A bronchoscopy is a medical procedure that allows a healthcare provider to visually examine the airways of the lungs, including the trachea and bronchi.

This examination is typically performed by a pulmonologist or a thoracic surgeon using a bronchoscope, which is a thin, flexible tube with a light and a camera on its end.

The bronchoscope is inserted through the patient’s nose or mouth and is gently guided down the throat into the airways.

The procedure can be performed for various reasons, such as:

  • Diagnostic purposes: Bronchoscopy can help identify various lung conditions, including infections, tumors, inflammation, bleeding, or other abnormalities in the airways.
  • Collection of tissue samples: During the procedure, small samples of lung tissue (biopsies) or fluid (bronchoalveolar lavage) may be collected for further analysis and testing.
  • Treatment: Bronchoscopy can be used to remove foreign objects, clear mucus plugs, control bleeding, or deliver medication directly to the lungs.


There are two main types of bronchoscopy:

  1. Flexible bronchoscopy: The most common type, which utilizes a flexible bronchoscope. It is usually performed under local anesthesia with sedation to keep the patient comfortable.
  2. Rigid bronchoscopy: Involves a rigid, metal bronchoscope and is typically performed under general anesthesia. It is less commonly used but may be necessary for certain situations, such as removing large foreign objects or controlling severe bleeding.

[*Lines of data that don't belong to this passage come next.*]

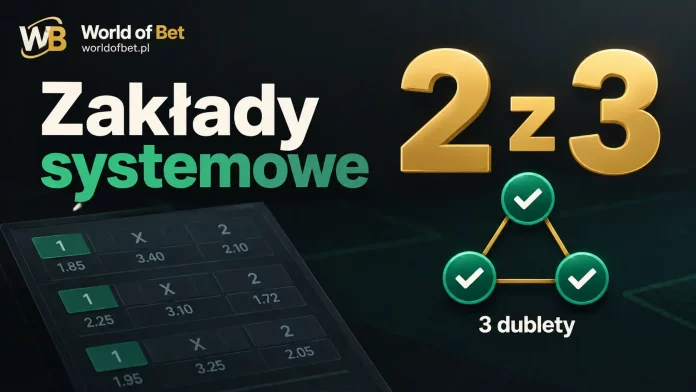 Zakłady systemowe – system 2 z 3 i trzy dublety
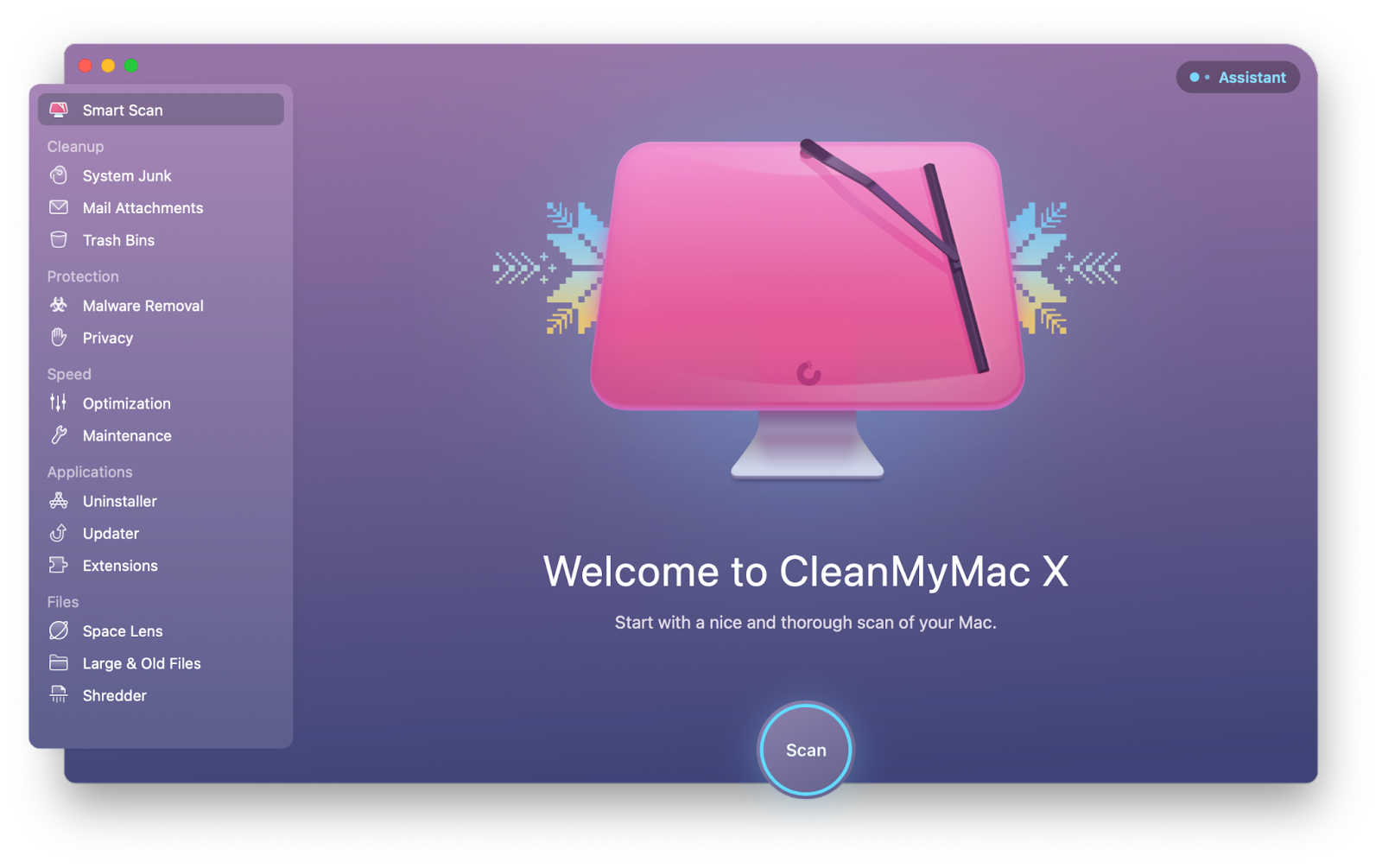 cleanmymac x interface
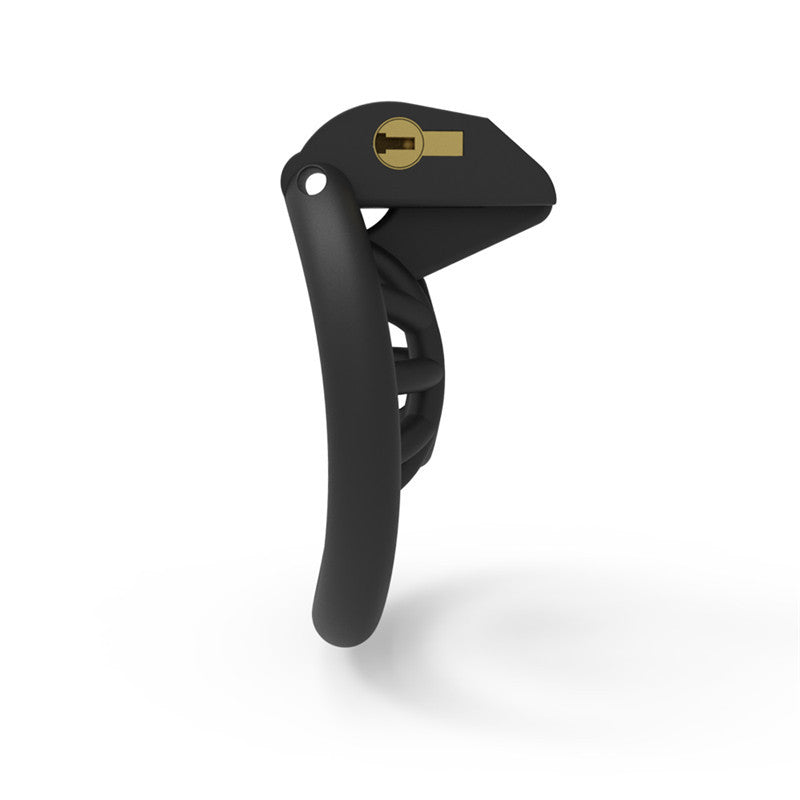 Black Resin Drain Trap Chastity Cage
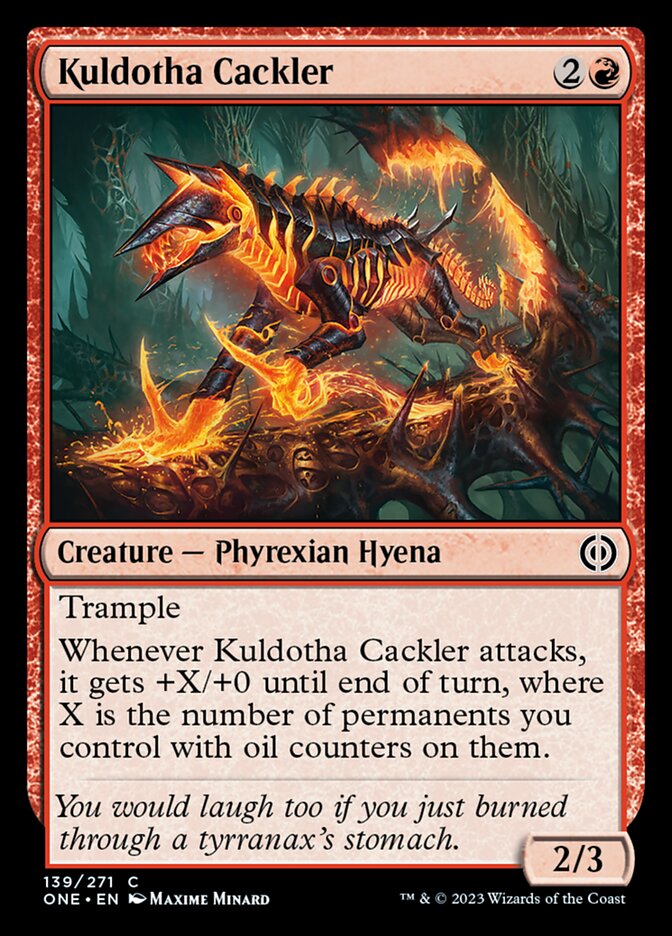 Kuldotha Cackler [Phyrexia: All Will Be One] | Magic Magpie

Overall, bronchoscopy is a valuable diagnostic and therapeutic tool for evaluating and managing respiratory conditions.

The procedure is generally considered safe, but some potential risks include bleeding, infection, or a reaction to anesthesia.

Read our other guide that explains more details about the differences between flexible and rigid bronchoscopy procedures.

Respiratory Therapist’s Role During a Bronchoscopy

The involvement of respiratory therapists in bronchoscopy procedures can vary depending on the specific healthcare setting.

Generally, their primary responsibilities are to assist in the procedure, ensure the proper functioning of equipment, and maintain the patient’s stable condition throughout the process.

Before the Procedure

Prior to the procedure, respiratory therapists help determine if a bronchoscopy is necessary by identifying potential indications, such as retained secretions or foreign body obstructions.

They verify the physician’s order or protocol, review the patient’s medical record for contraindications and potential hazards, and confirm informed consent has been obtained.

RTs are responsible for preparing and checking all necessary equipment to ensure it functions correctly. They also develop a plan to maintain adequate oxygenation during the procedure.

If necessary, RTs can evaluate patients for bronchospasm and administer aerosolized bronchodilators before the procedure begins.

During the Procedure

Throughout the bronchoscopy, respiratory therapists closely monitor the patient’s vital signs and promptly identify and address any adverse reactions. They continue to administer oxygen as required and assist with patient positioning for optimal results.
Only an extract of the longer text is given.